§ **WORK REQUIRED**
With the pictures omitted, output word for word the lines from the one containing "pink girls room Design Rendering" through the end of the records.

§ **EXTRACTED ENTRIES**
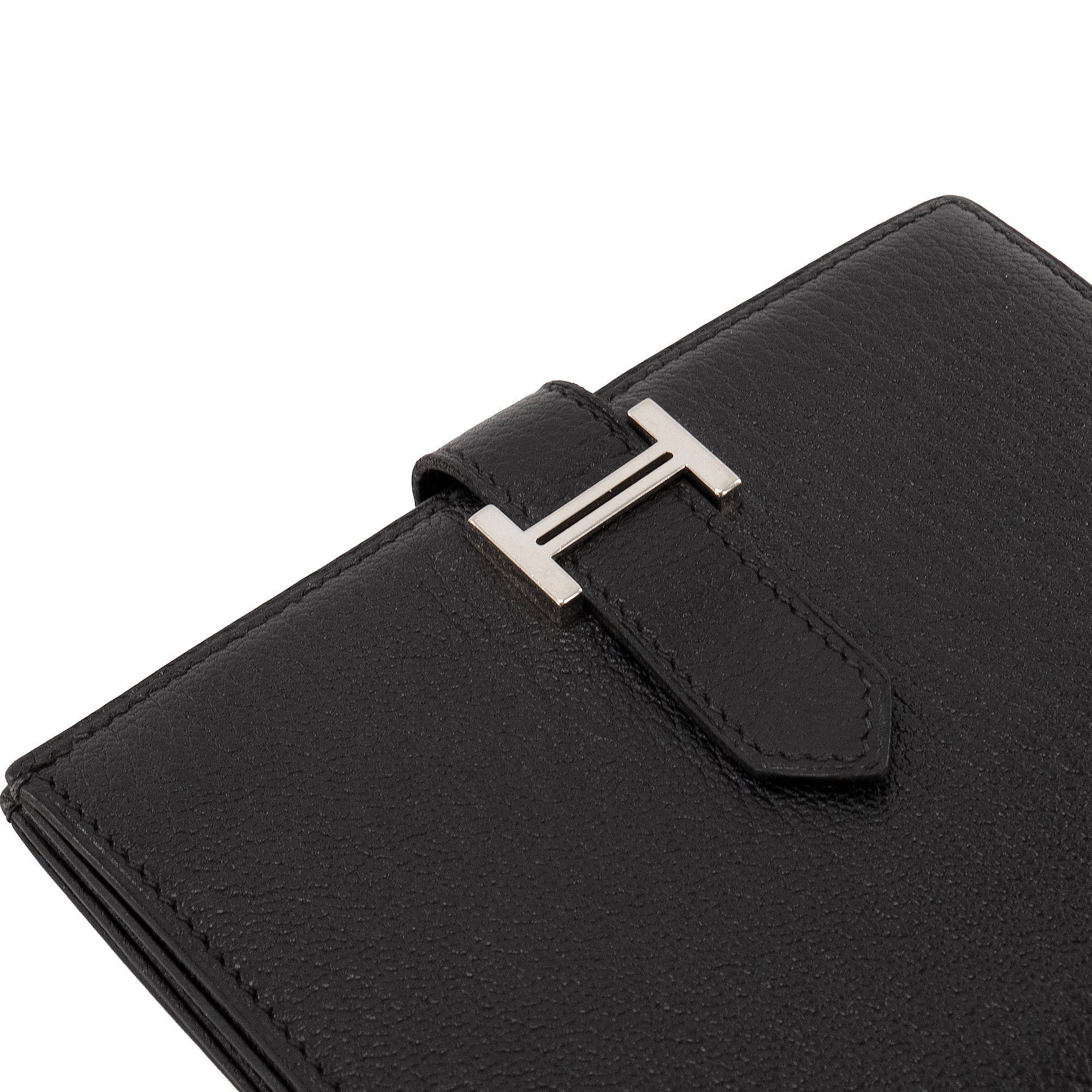 HERMÈS - Portefeuille Béarn Compact Hermès en cuir de chèvre noir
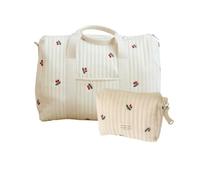 Sac de maternité pour hôpital, grande sac à langer, sac de poussette, set de 2 pièces, lange extensible pour nouveau-né, sac de maman, épaule en coton avec broderie, impression mignonne, portable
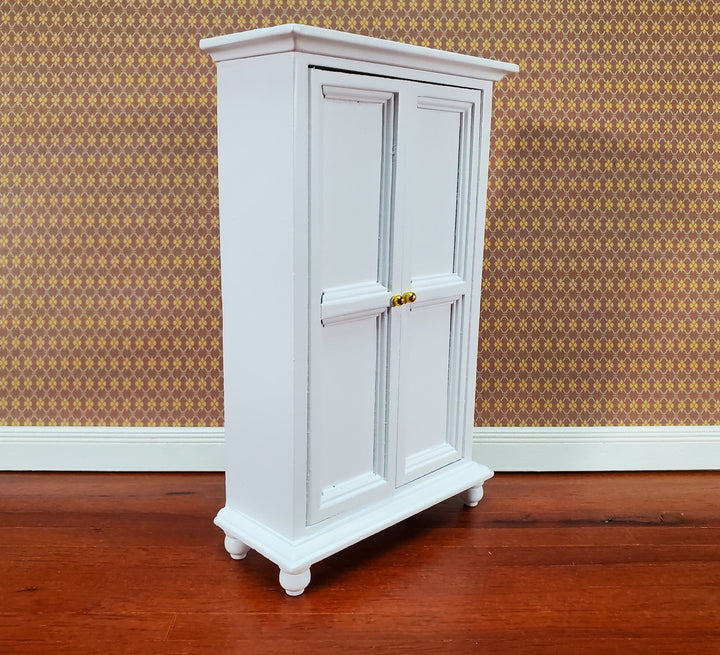 Dollhouse Wardrobe Armoire Closet Large Furniture 1:12 Scale Miniature White Wood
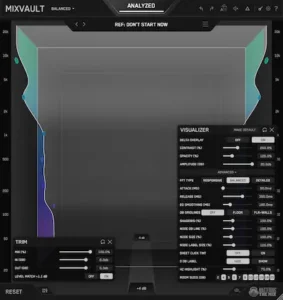 Интерфейс Mastering The Mix MIXVAULT во время анализа спектра и эквализации аудиоматериала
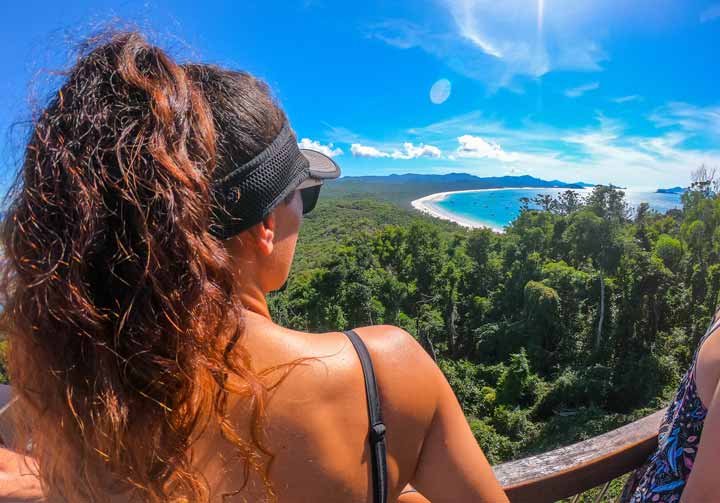 Girl taking in the lookout at south whitehaven beach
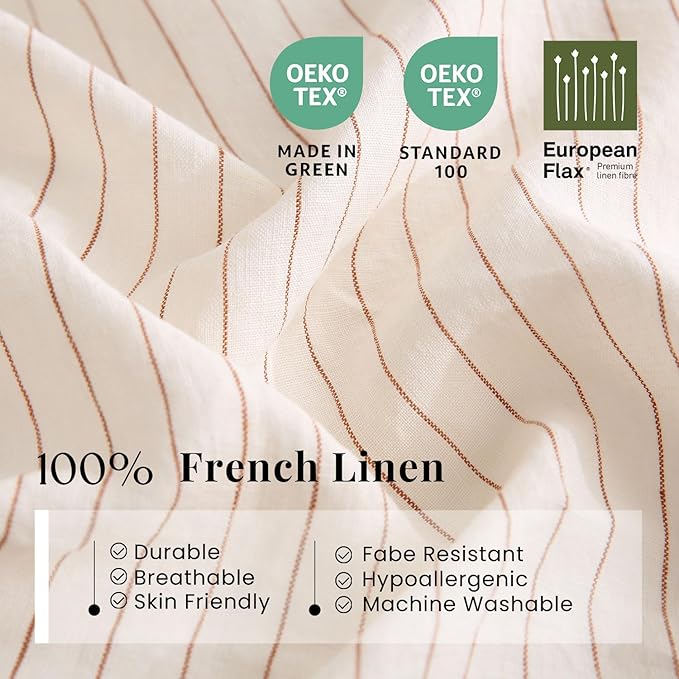 S VICTORY SYMBOL 100% Organic Linen Duvet Cover Set Rust Pinstripe,Yarn Dyed French Natural Flax Bedding Set,3pcs Farmhouse Comforter Cover Set Full Size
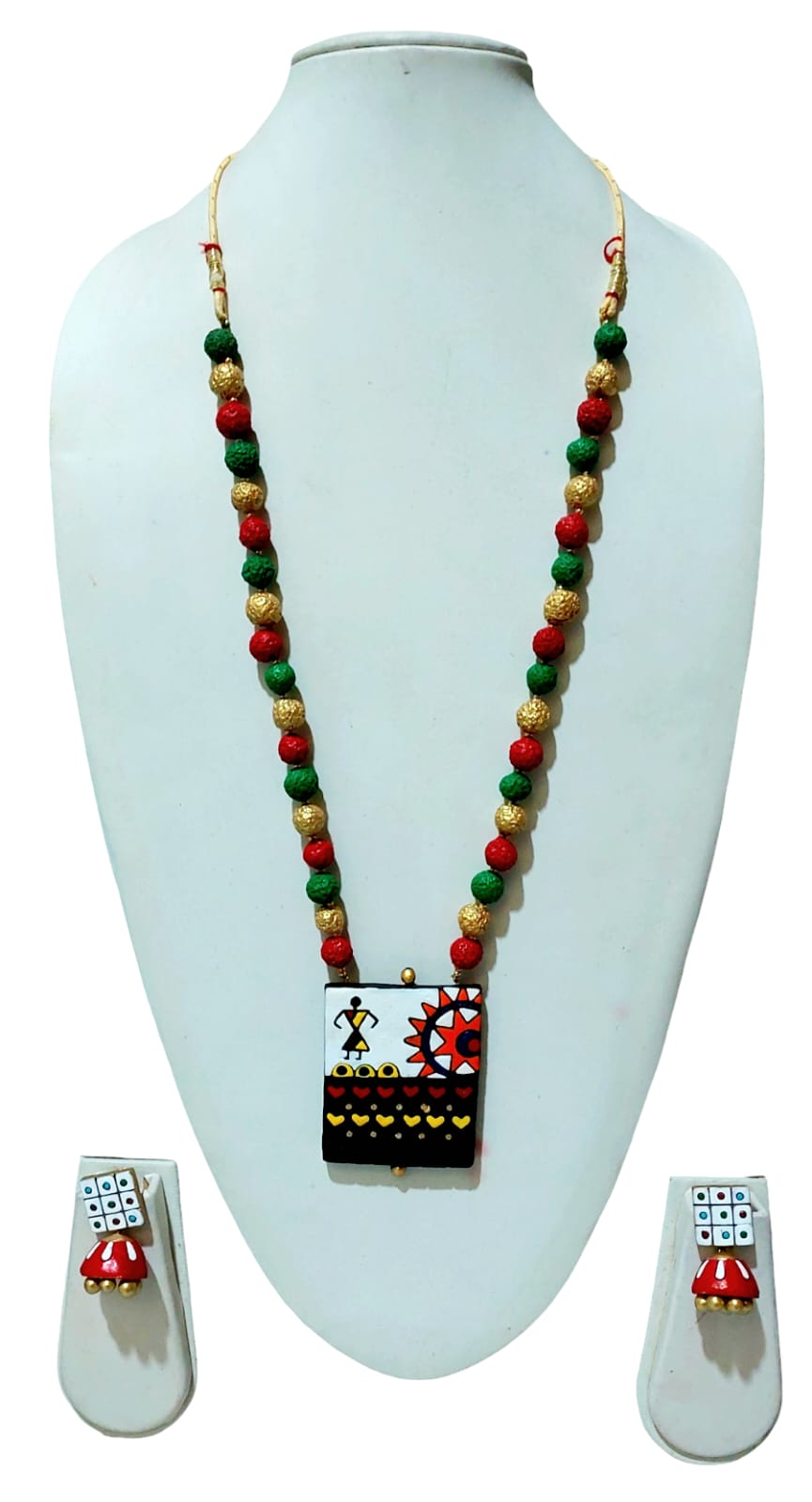 Terracotta Tribal Design Necklace Sets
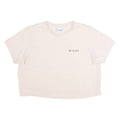 COLUMBIA Cropped Womens T-Shirt Beige Crew Neck M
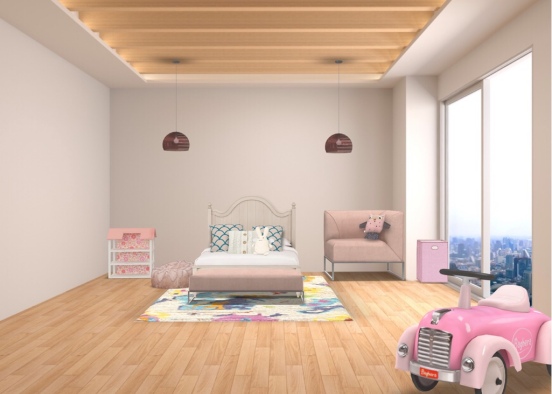pink girls room Design Rendering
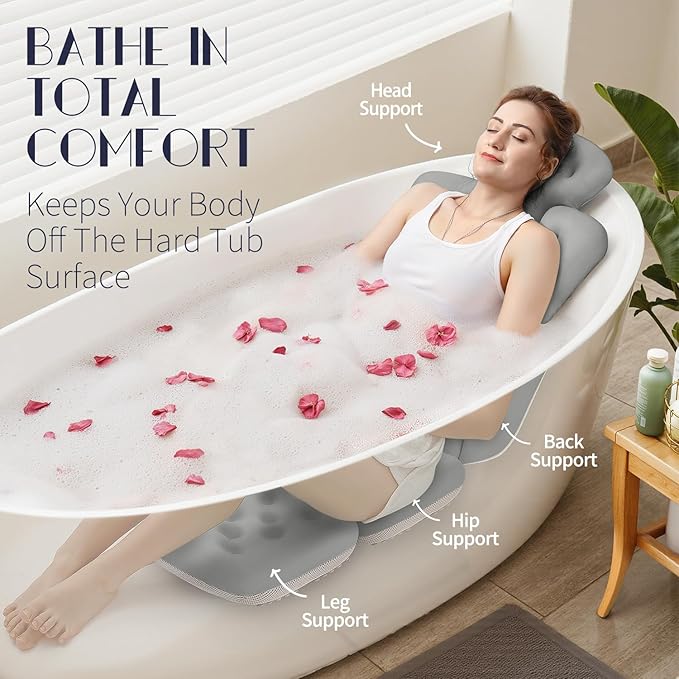 Full Body Bath Pillow for Bathtub, Thick Bathtub Cushion with Laundry Bag, Luxury Tub Pillow for Bath for Headrest Neck and Back Support Gray 51" x 16"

§ **SOLUTION TO THE PROBLEM**
pink girls room Design Rendering
 Full Body Bath Pillow for Bathtub, Thick Bathtub Cushion with Laundry Bag, Luxury Tub Pillow for Bath for Headrest Neck and Back Support Gray 51" x 16"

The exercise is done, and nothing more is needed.